-- SUPPLIED RECORDS follows --

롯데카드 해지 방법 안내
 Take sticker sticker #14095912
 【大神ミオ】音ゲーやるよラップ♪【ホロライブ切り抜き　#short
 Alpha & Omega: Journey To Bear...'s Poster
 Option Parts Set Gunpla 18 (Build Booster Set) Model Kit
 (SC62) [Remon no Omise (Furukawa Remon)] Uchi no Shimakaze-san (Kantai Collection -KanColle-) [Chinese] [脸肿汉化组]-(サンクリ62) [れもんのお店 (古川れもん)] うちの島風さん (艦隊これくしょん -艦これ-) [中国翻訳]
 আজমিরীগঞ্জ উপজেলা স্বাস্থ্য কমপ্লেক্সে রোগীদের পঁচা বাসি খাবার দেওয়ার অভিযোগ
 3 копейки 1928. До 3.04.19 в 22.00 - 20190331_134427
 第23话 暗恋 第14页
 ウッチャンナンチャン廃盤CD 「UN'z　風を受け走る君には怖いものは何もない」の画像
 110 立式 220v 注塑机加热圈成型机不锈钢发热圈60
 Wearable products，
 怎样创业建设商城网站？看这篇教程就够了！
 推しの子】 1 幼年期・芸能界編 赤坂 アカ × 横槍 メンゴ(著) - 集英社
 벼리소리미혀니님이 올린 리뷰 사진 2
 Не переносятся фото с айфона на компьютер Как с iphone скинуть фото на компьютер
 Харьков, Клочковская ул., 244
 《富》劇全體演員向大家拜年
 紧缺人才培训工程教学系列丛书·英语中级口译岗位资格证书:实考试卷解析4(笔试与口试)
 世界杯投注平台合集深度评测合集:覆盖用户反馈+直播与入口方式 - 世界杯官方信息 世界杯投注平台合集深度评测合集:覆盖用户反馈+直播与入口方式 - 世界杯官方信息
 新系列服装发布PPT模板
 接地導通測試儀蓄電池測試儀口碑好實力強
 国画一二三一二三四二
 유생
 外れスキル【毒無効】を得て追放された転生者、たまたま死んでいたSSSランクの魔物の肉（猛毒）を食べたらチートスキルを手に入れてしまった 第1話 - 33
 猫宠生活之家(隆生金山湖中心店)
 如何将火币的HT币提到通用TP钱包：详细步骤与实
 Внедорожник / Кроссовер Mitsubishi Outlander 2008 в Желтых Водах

-- SUPPLIED RECORDS concluded --

The answer must be the lines from the one containing "新系列服装发布PPT模板" through the last line of the records, copied exactly, with nothing else.

**RESULT BELOW**
 新系列服装发布PPT模板
 接地導通測試儀蓄電池測試儀口碑好實力強
 国画一二三一二三四二
 유생
 外れスキル【毒無効】を得て追放された転生者、たまたま死んでいたSSSランクの魔物の肉（猛毒）を食べたらチートスキルを手に入れてしまった 第1話 - 33
 猫宠生活之家(隆生金山湖中心店)
 如何将火币的HT币提到通用TP钱包：详细步骤与实
 Внедорожник / Кроссовер Mitsubishi Outlander 2008 в Желтых Водах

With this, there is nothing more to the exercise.